Dreadzone are still in the groove

They were contemporaries of UK acid-house era acts Leftfield, The Orb and Massive Attack, but Dreadzone’s roots reach back to Mick Jones’s urban groove-oriented post-Clash act, Big Audio Dynamite.

Dreadzone are still in the groove

Greg Roberts auditioned to become B.A.D’s first drummer in 1984, and when that dissolved in 1990, he took more than keyboardist Dan Donovan, bassis, Leo Williams and sounds-effects operator Don Letts with him. He also took technical expertise, which he employed to great success in Dreadzone. “It was a brilliant learning curve,” he says. “A great band to work with. Joining B.A.D, I got given a drum machine and I learned how to use a sampler and a sequencer, so by the time I’d left B.A.D I was able to write something completely new, with no real restrictions.”

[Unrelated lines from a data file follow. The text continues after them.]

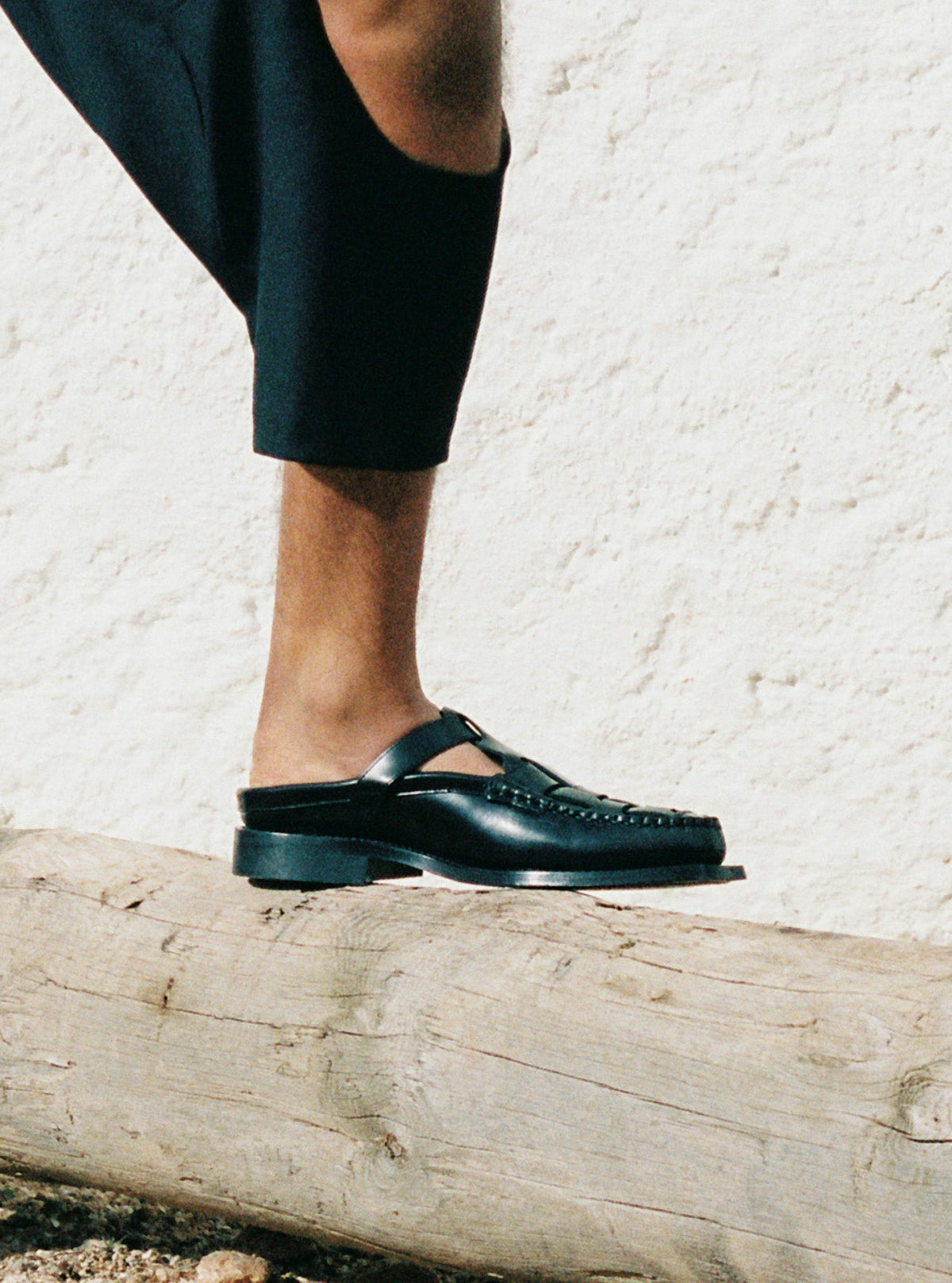 BONELL - Woven T-bar Mule Loafer | Hereu Men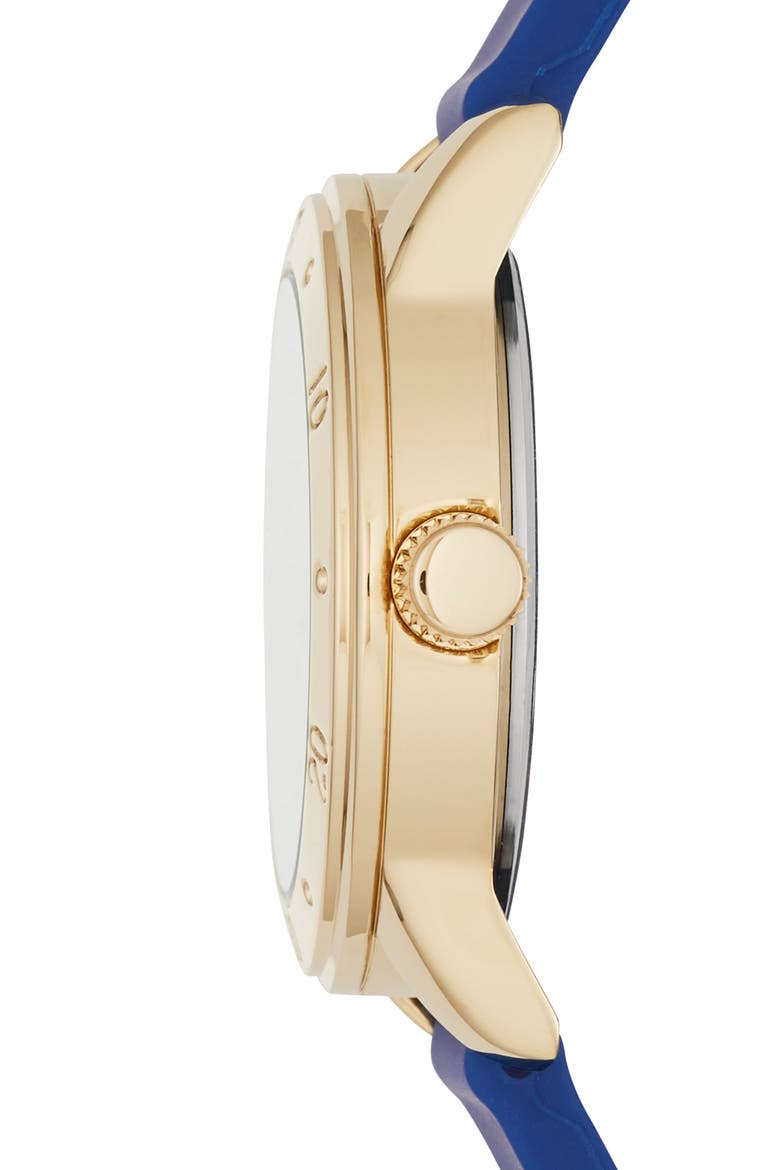 Redondo Silicone Strap Watch, Alternate, color, GOLD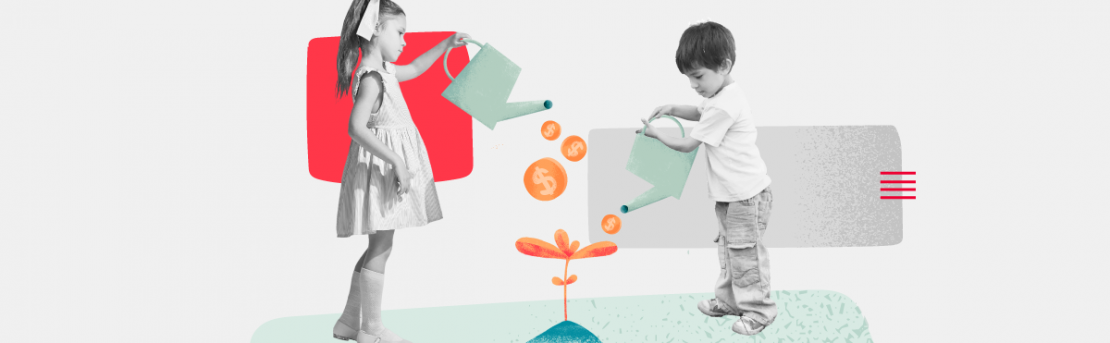 Enseñar a ahorrar a los niños y salud financiera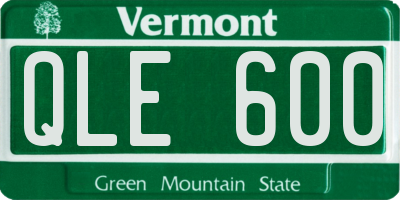 VT license plate QLE600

His first post-B.A.D vehicle was Screaming Target, with Letts and Williams. But it was with Dreadzone, which he formed in 1991 with keyboard player and programmer Tim Bran, that Roberts wrote the layered, up-tempo music that assimilated dub, reggae and techno influences with a progressive house sensibility. He ingeniously sampled movie dialogue and had a magpie approach to borrowing from other musical genres. Donovan and Williams were also on board.